Wang Yang appears to be pursuing a future closer to the freewheeling capitalism of Hong Kong, while Bo's vision is closer to the state-controlled capitalism of Singapore. Some have even suggested he would like it to be more like North Korea.

In article in the Washington Quarterly last month, Professor Cheng Li of the Brookings Institution in Washington, said Bo's self-promotion had been the more effective. '[Bo] is an elitist who has always been favoured and privileged within the communist regime, but he now claims the mantle of Maoist populism,' Li wrote.

Indeed, Bo seems to have succeeded in becoming quite popular among the Chongqing public and his bravado earned him the title 'man of the year' in an online poll conducted by the People's Daily in 2009.

Professor Liu Kang, the director of Duke University's China Research Centre, said of the Wang Lijun affair: 'This seemed at first like a power struggle on Bo's turf and then turned into a diplomatic crisis. However, I don't think it will escalate into the much rumoured downfall of Bo and his Chongqing model, as hoped for by many right-wing intellectuals.'

Wu Si , editor-in-chief of the pro-reform journal Yanhuang Chunqiu, said the Chongqing model represents a dissenting voice and that its existence is good for China's political ecology.

Bo has been as active as ever since the Wang Lijun saga broke, making an inspection trip last week to a military unit in Yunnan that was set up by his late father, revolutionary veteran Bo Yibo . State media reports say he has continued his campaign to promote his pet 'core socialist values' in recent days.

Liu said people need to see Chongqing model as a contradictory but viable experiment, jointly executed by an overconfident and capable princeling in Bo and a veteran economist and bureaucrat - Chongqing Mayor Huang Qifan .

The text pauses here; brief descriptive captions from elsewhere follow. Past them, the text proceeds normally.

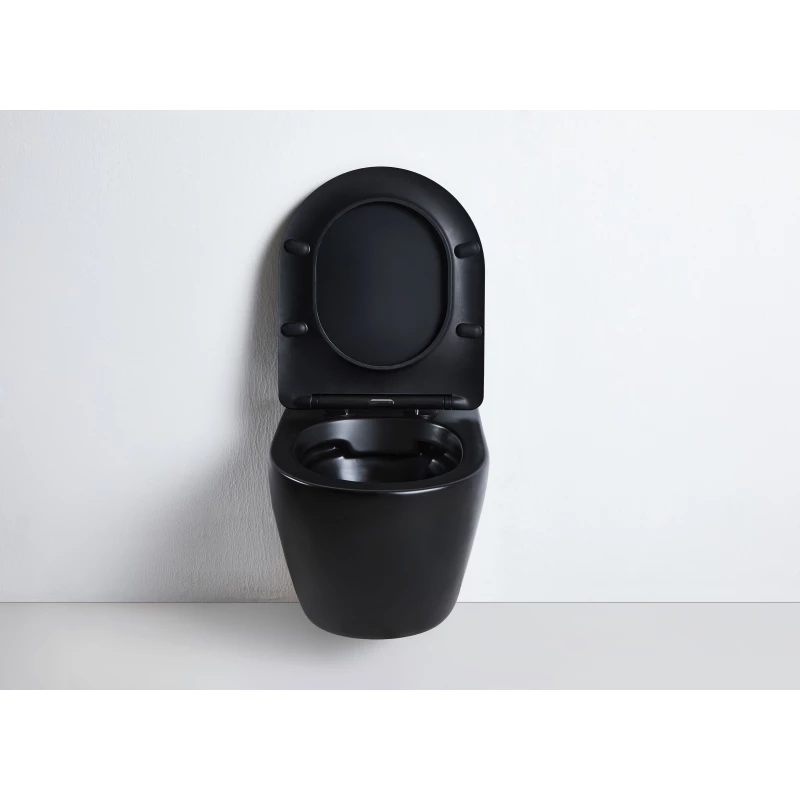 Унитаз подвесной Bond Oval F01-108 безободковый, с сиденьем микролифт, черный матовый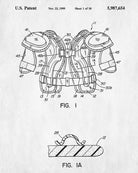 Ice Hockey Poster Pads Patent Print Sports Blueprint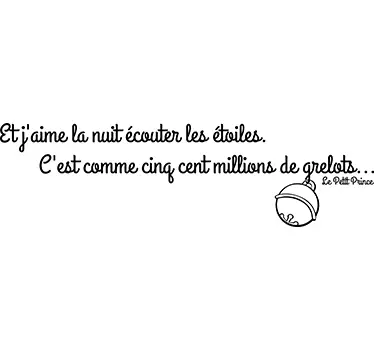 Sticker mural citation en français Petit Prince étoiles - TenStickers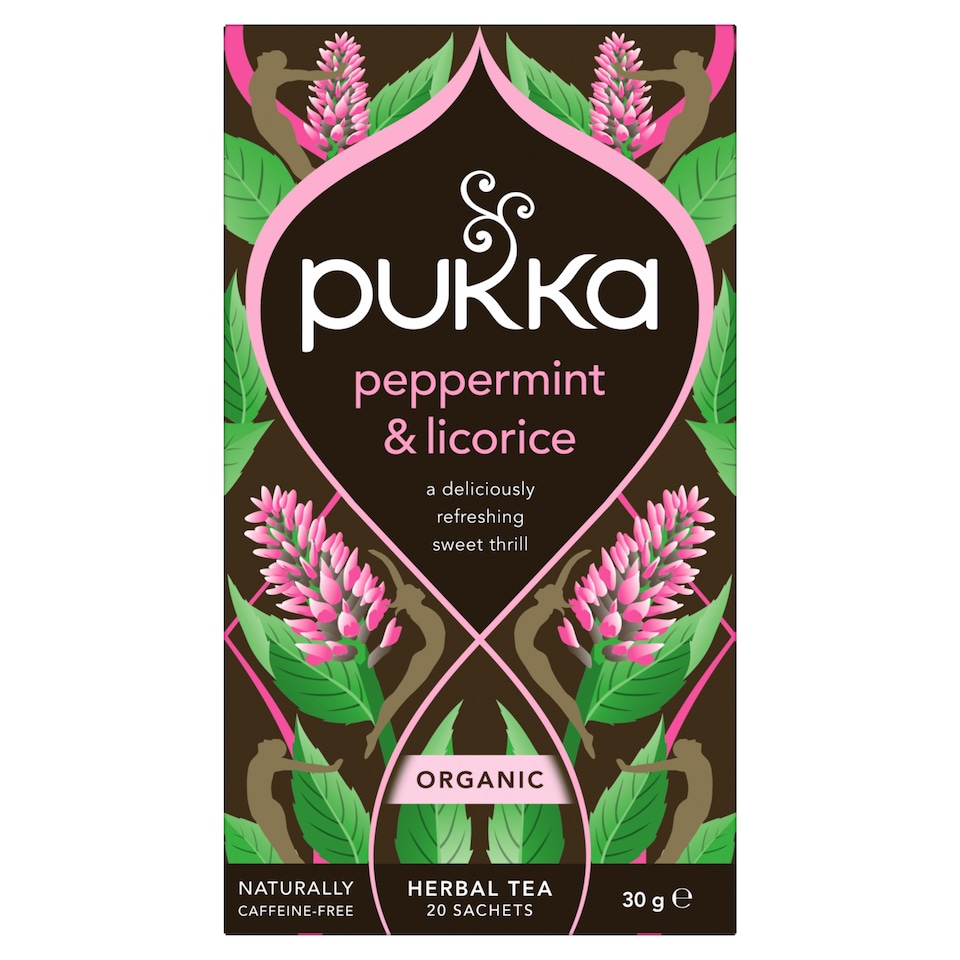 Pukka Organic Peppermint & Licorice Mint Tea 20 Herbal Tea Bags 30g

'Ideologically the Chongqing model seems quite scary to China's intellectual elite, who are mostly disenfranchised from and traumatised by Maoist ideologies,' Liu said. 'Yet they tend to downplay Huang Qifan's economic achievements in Chongqing, with rapid GDP growth and balanced social reform, including affordable housing, social welfare, medicare, et cetera, with the strong backing of Bo.'

Liu also pointed out that the princelings, headed by Hu's heir-apparent, Vice-President Xi Jinping , will inevitably take over and are desperate to find ways out of the Hu-Wen gridlock. 'Allowing the Chongqing and the Guangdong models to compete is one of the few choices they have,' he said.

However, analysts say there's no guarantee that Bo and his patrons in Zhongnanhai, the party leadership compound in Beijing, can help his campaign regain momentum.